Apparently Qubes hardware compatibility is quite narrow; but the concept does fascinate me. If I could ever afford a machine which I knew it ran on, I’d surely want to!
Comments on experience with this appreciated - thanks
Apparently Qubes hardware compatibility is quite narrow; but the concept does fascinate me. If I could ever afford a machine which I knew it ran on, I’d surely want to!
Comments on experience with this appreciated - thanks
I’ve tried running it on my Acer laptop, on an Intel Nuc and an Asus desktop, in all cases the installation failed and I tried different memory sticks, insuring I was using dd correctly, checking guides, ect.
The only reason I use VMs ontop of CentOS is because I can’t get Qubes to work
On a side note… I think it’s really intended for Intel processors or that’s the vibe I get from the documentation.
Would love to hear people’s experiences too…

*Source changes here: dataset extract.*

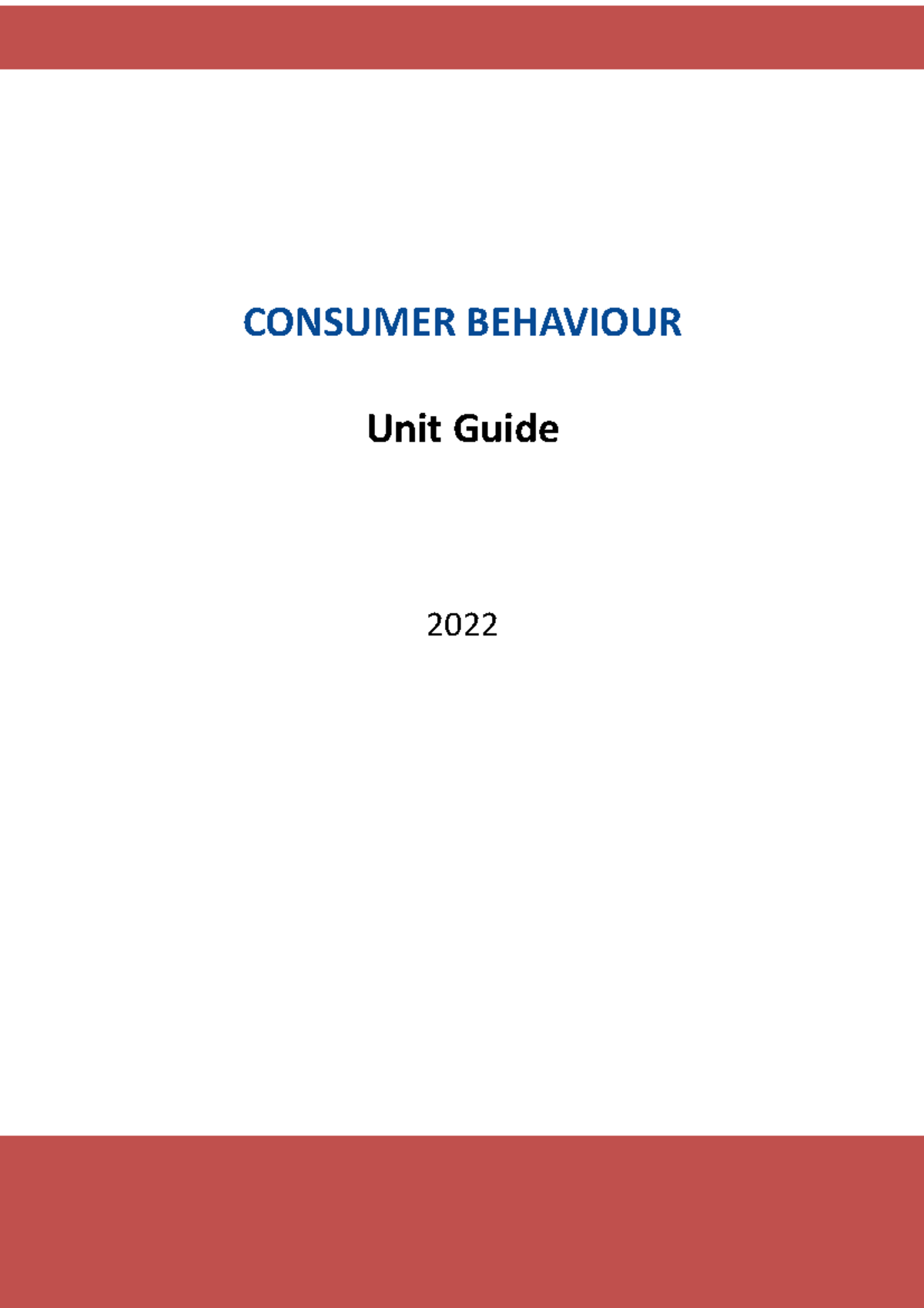 1. Unit Guide CB Tri 3 2021 - 2022 final version - CONSUMER BEHAVIOUR ...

Thanks for your feedback. One of the reasons why I mentioned cost is it seems that the higher end Lenovos and Dells were pretty-much the only models consistently stated as compatible with it and they’re quite pricey. I find Acer more affordable and generally very compatible with Linux. I also would prefer to use AMD for both CPU and GPU in future, so if Qubes OS has difficulty with that, then that would be unfortunate.

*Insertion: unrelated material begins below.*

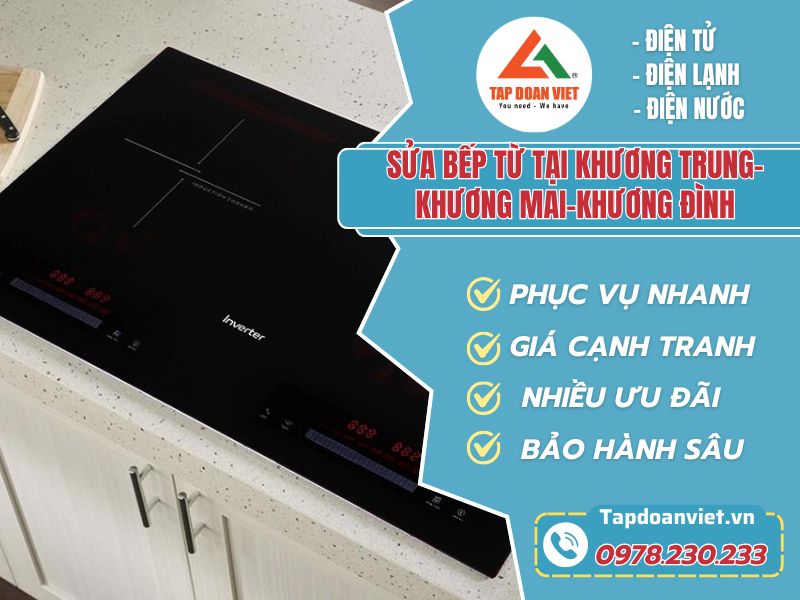 Những lưu ý cần biết khi sửa bếp từ tại Khương Trung Khương mai Khương đình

I installed it on a System76 Lemur 6 laptop. There was a PCI card issue though so I installed PopOS back over it. I’ve just gotten a Dell Optiplex 990 MiniTower which according to the Qubes website is supposed to run Qubes well. I will try installing Qubes on it this weekend.
What I’d like to know is what is a currently manufactured laptop that runs it well. If anyone knows please tell me. I’ve heard Librem 14 runs it but haven’t been able to confirm.
Attempted to install Qubes R4 on the Dell Optiplex 990 and it said the hardware wasn’t supported. So I installed Debian Buster on it instead.
I think the difficulty is if it’s so hardware specific, with both hardware and software components changing so frequently, how can we ever predict it will work on a machine we purchase for that purpose?